How CFOs can transition from privately owned and listed companies to private equity companies – and flourish.
Many CFOs who’ve transformed the financial environments of privately owned and listed companies hope to break into the private equity space, especially as many are keen to take the helm of multi-year growth plans and revival strategies. In fact, few opportunities give CFOs the same chance to transform and prime a business for success as becoming the CFO of a private equity company.
However, it can be difficult for CFOs to transition from privately owned and listed companies to private equity companies. The challenges tend to be particularly demanding for a CFO in the private equity arena: borrowed capital typically means bigger risks, CFOs often have less time to achieve target results, and they’re often under intense scrutiny from investors. On top of this, some private equity companies require regular updates from the CFO so other managerial staff can play key roles in making financial decisions, too.
But a private equity CFO is often relatively new to their company (and sometimes their industry), meaning they’re unlikely to have existing relationships in the C-suite team or a legacy within the company to support them. These CFOs need a strong team in place to move ahead with forward-thinking initiatives and transformational ideas.
With these challenges in mind, here, Gary McGaghey, Group CFO of the €1.3bn end-to-end marketing production services group Williams Lea Tag, shares four strategies to help CFOs thrive in private equity companies. McGaghey emphasises that private equity challenges are much easier to address when the CFO can catch up with the economics at play, develop a strong fact base for making financial decisions, identify talent gaps in teams, and lead with transformation in mind.
1. Get to Grips With Complex Cash Flow Requirements
Though an experienced CFO will be more than used to understanding a company’s balance sheet, cash flow, and debt covenants, the economics can be more complicated when it comes to private equity companies. As debt often fuels these companies’ investments, cash flow can be particularly demanding. CFOs may need to report on cash flow weekly or even daily.
CFOs of private equity companies also often need to delve into the details of what creates value and what creates costs. They often need to examine fixed and variable costs that uncover the most important factors in a business’ operating leverage. A solid understanding of IT and cultural issues can be key to understanding critical data here.
However, often, pre-existing data reports fail to help CFOs understand a business’ position, especially as these reports aren’t always consistent. The CFO will often have to develop their understanding of the business over time, all while managing financial operations and improvement initiatives.
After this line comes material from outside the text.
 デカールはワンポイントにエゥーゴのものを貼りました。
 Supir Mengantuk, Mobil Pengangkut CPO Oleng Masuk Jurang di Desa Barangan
“I have found the most critical area of operational cash flow risk and, most importantly, opportunity, sit in the area of working capital management. Getting a robust understanding of the drivers of working capital and the levers to pull in managing it, are often sources of releasing valuable cash. Every business has opportunities to accelerate their cash cycle. The CFO’s of private equity companies need to very quickly get a firm grip on working capital through deep data interrogation, as PE owners expect quick realisation of the cash flow benefits from the optimisation of the cash cycle.”
2. Build a Reliable Fact Base
Speaking of data, when a CFO joins a private equity company as an outsider, they often need to build their knowledge of the company quickly. In an ideal world, they should use an ever-expanding, reliable fact base to uncover opportunities for value creation, especially opportunities that the company can capitalise on quickly. However, few private equity companies have large amounts of data on hand, and many lack the data analysis and tracking capabilities needed to make the most of value-creation opportunities.
Therefore, CFOs need to understand where and how to implement low-cost digital technologies to maximise benefits quickly. For example, a CFO may make targeted investments in productivity-focused tools (like cloud-based invoice-management software) to save time while improving policy enforcement and transparency. A CFO can make effective targeted investments by identifying the data initiatives that will deliver high-value quick wins without sacrificing long-term gains.
“Private equity owners have a significantly higher demand for data driven decision making. Where they lack deep industry expertise, they make up for in deep data analytics to support decision making. CFO’s of PE owned businesses need to expect robust interrogation from the PE owners when making strategic and tactical decisions, ranging from pricing decisions to investment decisions. Having access to deep data analytics with strong data driven insights is invaluable in gaining the required support from the PE owners.”
3. Build Effective Teams
Most CFOs are naturals when it comes to talent acquisition and people management. But finding the right candidates for teams can be particularly challenging in private equity companies, where management infrastructure often evolves quickly and investors need quick results. Though the CFO is usually an outsider, they must identify candidates who can lead and work under a variety of circumstances and pressures.
The CFO may also coach employees from other fields so they can work productively with the finance team. Employees who gain a strong understanding of the company’s financial position can help shift the company towards newfound, effective systems of working.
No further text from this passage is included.